=== ACTION ITEM ===
The listing below holds a line with "Set of 4 Corelle Mugs" and a later line with "Farmer Jack's BLACK TIGER PRAWNS offer". Write out those two lines and every line between them, exactly, and nothing else.

=== EXERCISE INPUTS ===
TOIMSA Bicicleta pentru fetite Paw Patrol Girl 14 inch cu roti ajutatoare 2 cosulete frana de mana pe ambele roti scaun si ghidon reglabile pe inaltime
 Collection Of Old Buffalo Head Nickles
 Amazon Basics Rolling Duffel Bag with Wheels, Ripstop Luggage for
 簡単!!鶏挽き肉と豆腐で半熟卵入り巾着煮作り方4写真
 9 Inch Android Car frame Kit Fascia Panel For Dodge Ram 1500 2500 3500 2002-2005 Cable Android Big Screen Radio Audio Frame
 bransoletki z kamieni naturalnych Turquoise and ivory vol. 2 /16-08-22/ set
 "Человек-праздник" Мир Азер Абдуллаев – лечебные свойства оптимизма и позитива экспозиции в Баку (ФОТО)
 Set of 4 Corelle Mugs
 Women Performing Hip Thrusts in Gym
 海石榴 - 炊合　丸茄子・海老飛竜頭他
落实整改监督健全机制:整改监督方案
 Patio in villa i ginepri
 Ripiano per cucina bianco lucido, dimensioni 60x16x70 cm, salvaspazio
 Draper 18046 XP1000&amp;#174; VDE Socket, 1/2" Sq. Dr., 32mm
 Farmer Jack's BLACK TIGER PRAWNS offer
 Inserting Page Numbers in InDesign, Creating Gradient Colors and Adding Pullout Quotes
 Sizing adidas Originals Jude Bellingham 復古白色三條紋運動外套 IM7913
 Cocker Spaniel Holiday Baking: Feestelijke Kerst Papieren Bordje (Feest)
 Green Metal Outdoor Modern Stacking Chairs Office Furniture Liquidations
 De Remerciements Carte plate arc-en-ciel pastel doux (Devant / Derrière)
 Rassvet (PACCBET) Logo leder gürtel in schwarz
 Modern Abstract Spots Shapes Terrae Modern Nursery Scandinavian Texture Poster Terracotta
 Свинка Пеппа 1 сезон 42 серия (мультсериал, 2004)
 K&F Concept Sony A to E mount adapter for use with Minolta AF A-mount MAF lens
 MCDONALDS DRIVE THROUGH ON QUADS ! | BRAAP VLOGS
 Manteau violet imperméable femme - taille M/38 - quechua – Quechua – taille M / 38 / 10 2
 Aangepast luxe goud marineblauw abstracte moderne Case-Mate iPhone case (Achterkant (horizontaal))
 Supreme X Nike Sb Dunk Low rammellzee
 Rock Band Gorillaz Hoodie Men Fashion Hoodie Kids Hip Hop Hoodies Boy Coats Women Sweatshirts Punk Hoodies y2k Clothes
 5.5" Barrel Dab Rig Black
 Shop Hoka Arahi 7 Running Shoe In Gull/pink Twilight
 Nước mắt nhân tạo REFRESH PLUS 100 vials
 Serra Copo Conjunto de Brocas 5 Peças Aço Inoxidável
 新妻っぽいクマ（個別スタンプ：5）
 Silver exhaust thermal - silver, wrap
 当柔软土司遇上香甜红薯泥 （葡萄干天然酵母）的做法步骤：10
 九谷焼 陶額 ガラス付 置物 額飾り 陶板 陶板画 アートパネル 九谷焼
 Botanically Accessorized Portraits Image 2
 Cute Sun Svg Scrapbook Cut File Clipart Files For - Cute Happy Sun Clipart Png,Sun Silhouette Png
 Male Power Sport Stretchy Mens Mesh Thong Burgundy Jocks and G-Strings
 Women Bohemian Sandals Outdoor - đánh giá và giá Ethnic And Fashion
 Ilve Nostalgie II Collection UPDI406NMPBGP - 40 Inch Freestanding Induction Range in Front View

=== TASK RESULT ===
 Set of 4 Corelle Mugs
 Women Performing Hip Thrusts in Gym
 海石榴 - 炊合　丸茄子・海老飛竜頭他
落实整改监督健全机制:整改监督方案
 Patio in villa i ginepri
 Ripiano per cucina bianco lucido, dimensioni 60x16x70 cm, salvaspazio
 Draper 18046 XP1000&amp;#174; VDE Socket, 1/2" Sq. Dr., 32mm
 Farmer Jack's BLACK TIGER PRAWNS offer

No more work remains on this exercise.